Die Verfassung bestimmt, welche Regelungen in Form eines formellen Gesetzes und welche beispielsweise auf dem Wege der Verordnung zu erlassen sind. Der Transformationsakt hat grundsätzlich die hierarchische Stufe, die ihm die Verfassung zuweist. Im Fall eines Konflikts gehen gewöhnliche völkerrechtliche Verträge, das Völkergewohnheitsrecht und die allgemeinen Rechtsgrundsätze schwedischem Recht nach. Die EMRK geht im Gegensatz zur Schweiz nur bei offensichtlichem Widerspruch Gesetzen und Regierungsverordnungen vor.

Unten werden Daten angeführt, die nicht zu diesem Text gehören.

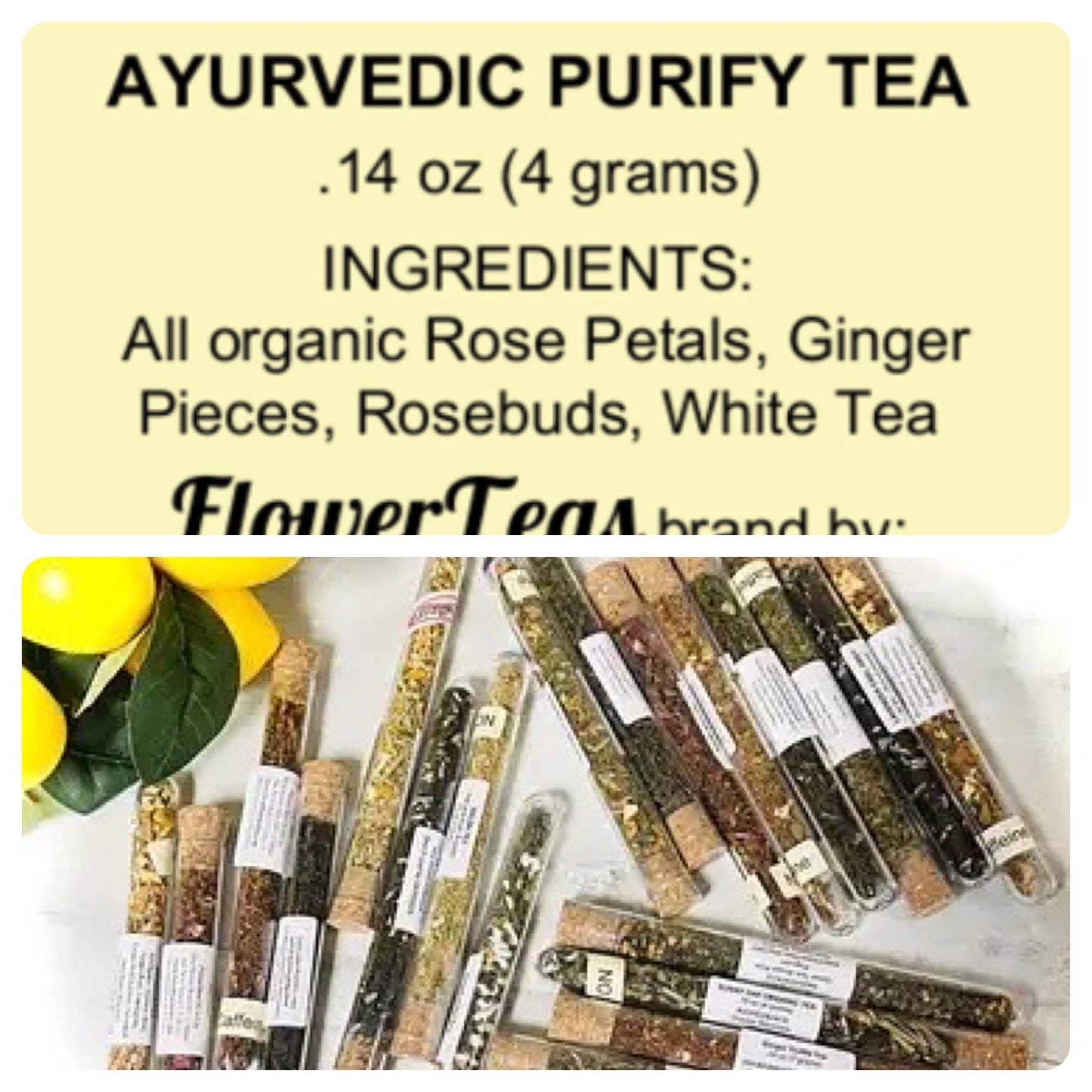 Flower Teas- Determined to Detox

Das Verhältnis zwischen Europarecht und schwedischer Verfassung ist umstritten. Die Regierung vertritt die Auffassung, dass die Verfassung in jedem Falle vorgehe.

7.6.4

Gerichtliche Überprüfung

Schweden kennt ­ ähnlich wie die Schweiz ­ ein System ohne eigentliches Verfassungsgericht. Jedes Gericht und jede rechtsanwendende Behörde ist befugt, einer Norm aufgrund eines offensichtlichen Konfliktes mit übergeordnetem Recht die Anwendung zu versagen. Formell aufgehoben wird nur der Anwendungsakt, nicht der Erlass selber. Es existiert keine abstrakte, sondern nur eine konkrete Normenkontrolle. Unklar ist, ob eine Überprüfung von Amtes wegen oder nur auf Antrag zu erfolgen hat. In der Praxis wenden nur die höheren Gerichte positives Recht nicht an, die andern werden sich dem Willen des Gesetzgebers nicht widersetzen. Seit 1909 gibt es ausserdem einen Rechtsrat, der aus Richterinnen und Richtern des Obersten Gerichtshofs und des Obersten Verwaltungsgerichts zusammengesetzt ist.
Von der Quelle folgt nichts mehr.